Her voice trailed off, and she still wouldn't look at me. And I realized that my insincere, half- hearted friendship had led me here, to this kitchen table where another mother was showing me the raw seam where being a good mother and being a good person meet raggedly. Sandy was trusting me with her ugliest and most fearful moment. I gave that realization the moment of respect it deserved before I took a deep breath and started to say the right things.

An hour and a half later when Jeremy came home from school, we had a plan. Sandy would make a point of meeting Kevin's mother, and hopefully getting some more information about his condition. After all, I pointed out reasonably, there might be reasons for Kevin's sake that Jeremy should be warned about how he played with his new friend.

"You wouldn't want Jeremy to play too roughly with him and maybe cut him if he's a hemophiliac, would you?" I asked. "Maybe his mother will open up to you if she gets to know you and the two of you can make things as safe as possible for Kevin and Jeremy both."

The second part of the plan was that Sandy would be taking Jeremy for a checkup.

"Dr. Ford only spent about ten minutes with Jeremy when he filled out his form for camp, and he is growing awfully fast," she said. "He could probably use a good going-over."

This part of the plan sounded good to me when I got a look at my godson as he sped through the kitchen on the way to his room. He was growing very fast, changing very rapidly from a solid small boy into a pre- adolescent string bean. Perfectly natural, I told myself, but he seemed pale and thin, somehow feral, probably because the gaps his baby teeth had left were being filled in crookedly by pointy adult teeth that seemed too big for his mouth.
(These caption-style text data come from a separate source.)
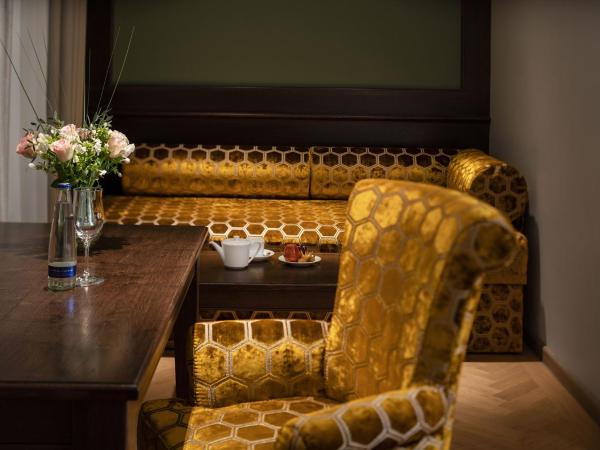 Eden Hotel Wolff : photo 2 de la chambre chambre triple supérieure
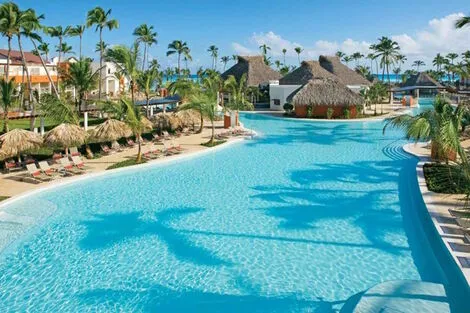 Hôtel Adult only - Breathless Punta Cana Resort & Spa 5* - Arrivée Saint Domingue punta_cana République Dominicaine
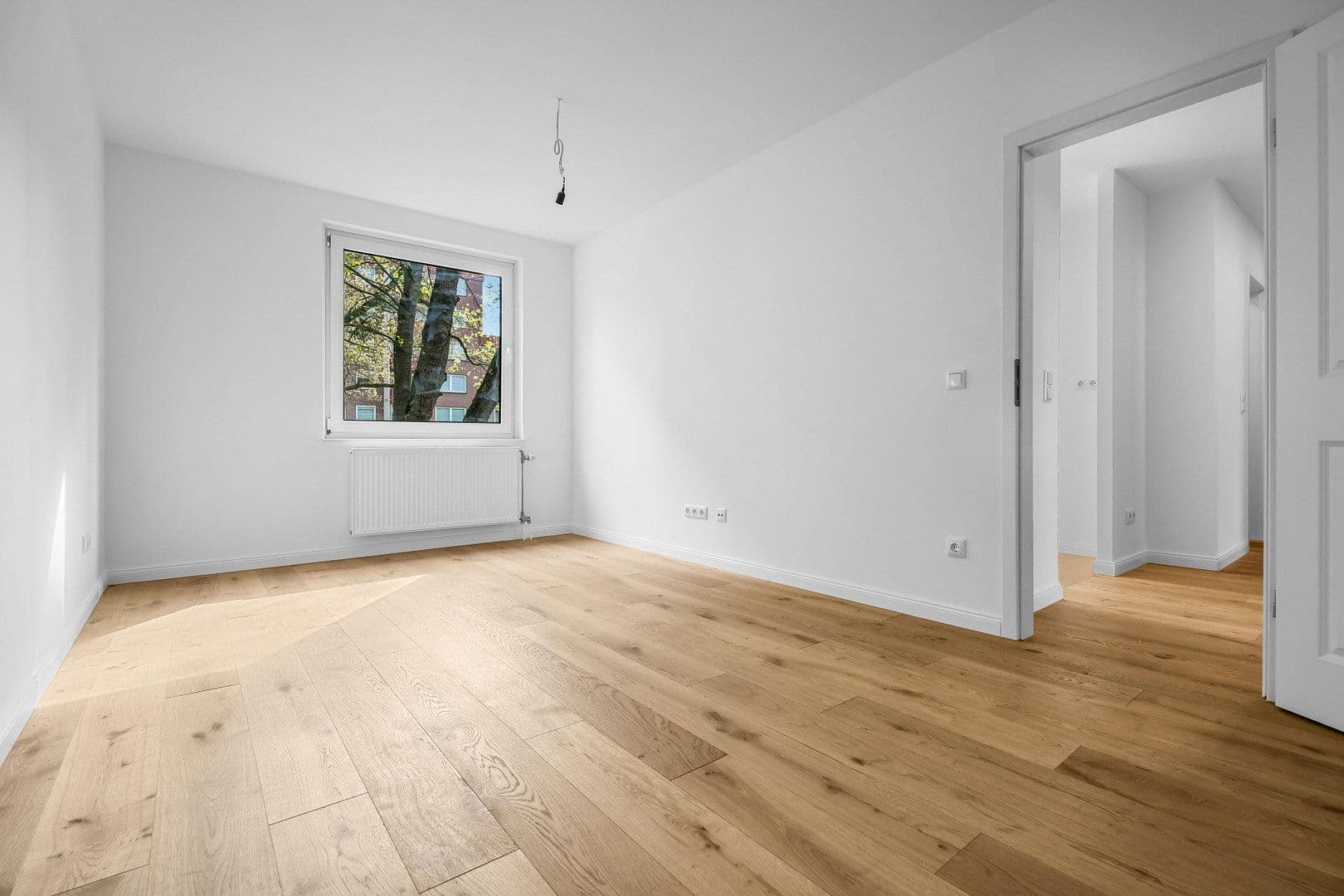 Prenájom bytu 3-izbový 71 m², Muschelweg 5, Hannover, Dolné Sasko Prenájom bytu 3-izbový 71 m², Muschelweg 5, Hannover, Dolné Sasko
Well, a checkup from Dr. Ford would put the hyperactive maternal and godmaternal imaginations to rest, and Sandy would enjoy bonding with Kevin's mother. I left her planning a dinner invitation for the Blakes and went off to pick up Amy.

A call a few days later revealed that the dinner was scheduled, Sandy had gone to the Davis' door with Jeremy and been invited in, Kevin's mother's name was Judith and she was very nice. Dr. Ford had checked out Jeremy and found nothing worse than a weird bug bite on the side of his neck, which Dr. Ford was sure wasn't Lyme's disease but he was doing a blood test just to be on the safe side.
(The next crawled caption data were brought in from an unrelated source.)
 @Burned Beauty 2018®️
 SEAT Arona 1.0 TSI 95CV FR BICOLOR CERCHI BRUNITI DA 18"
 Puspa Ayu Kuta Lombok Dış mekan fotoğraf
Judith had, of course, opened right up to Sandy's sympathetic interest.

"Judith told me Kevin's condition is hereditary and debilitating but not terminal. He has symptoms like leukemia, so he mostly has to get a lot of rest during the day and that's why she teaches him at home. She has a teaching certificate, and she says Jeremy is highly verbal and imaginative."
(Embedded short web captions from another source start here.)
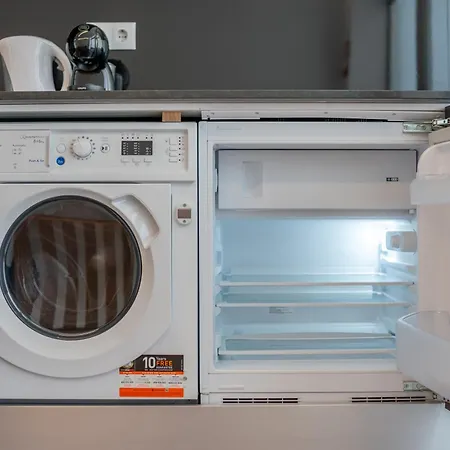 Social Piornais Duplex Lägenhet *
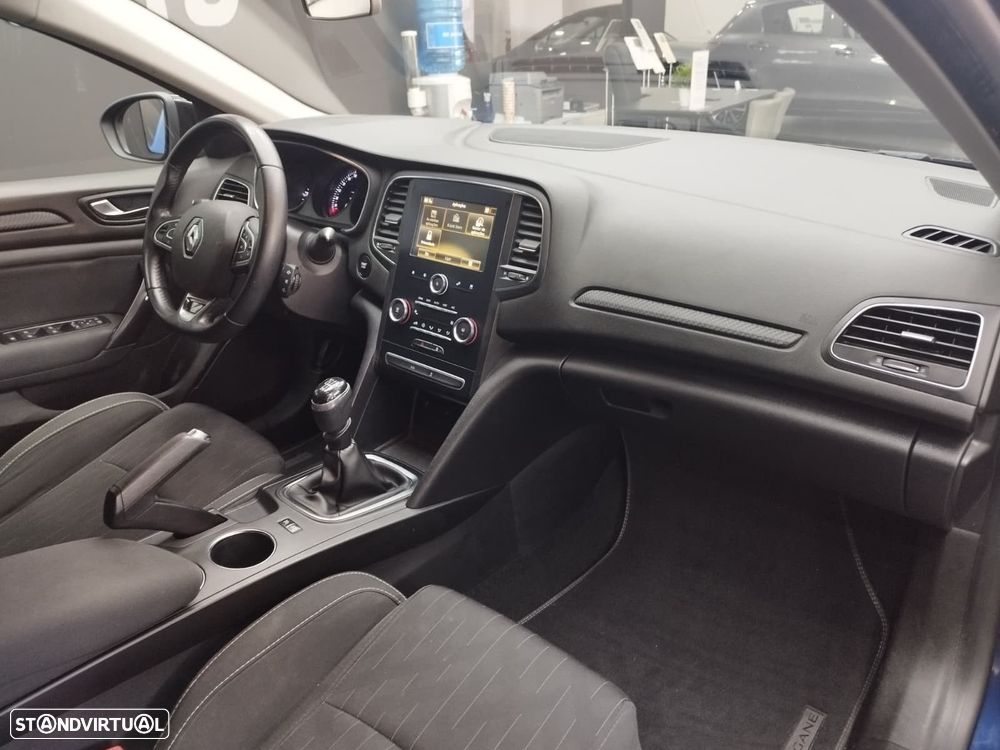 Renault Mégane 1.5 Blue dCi Limited - 28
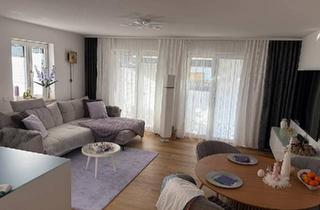 Wohnung kaufen in 85104 Pförring, Pförring - moderne helle EG Wohnung 3ZKB von privat
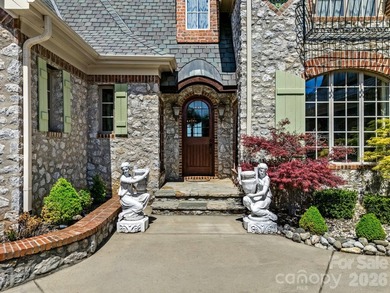 Exquisite French Country waterfront estate in the gated - photo 3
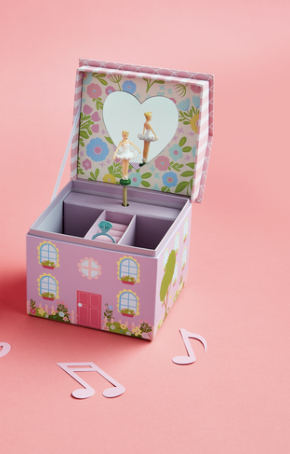 House Jewelry Box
I was glad everything was working out so well, and I didn't bother mentioning all the times I'd said that Jeremy was verbal and imaginative. Sandy was off my list of worries for a week or two. Amy's ballet recital required two costumes, a butterfly and a daisy, and of course neither costume would do for Halloween.

"I want to be a witch, Mommy." she said firmly. "A witch is more scarier."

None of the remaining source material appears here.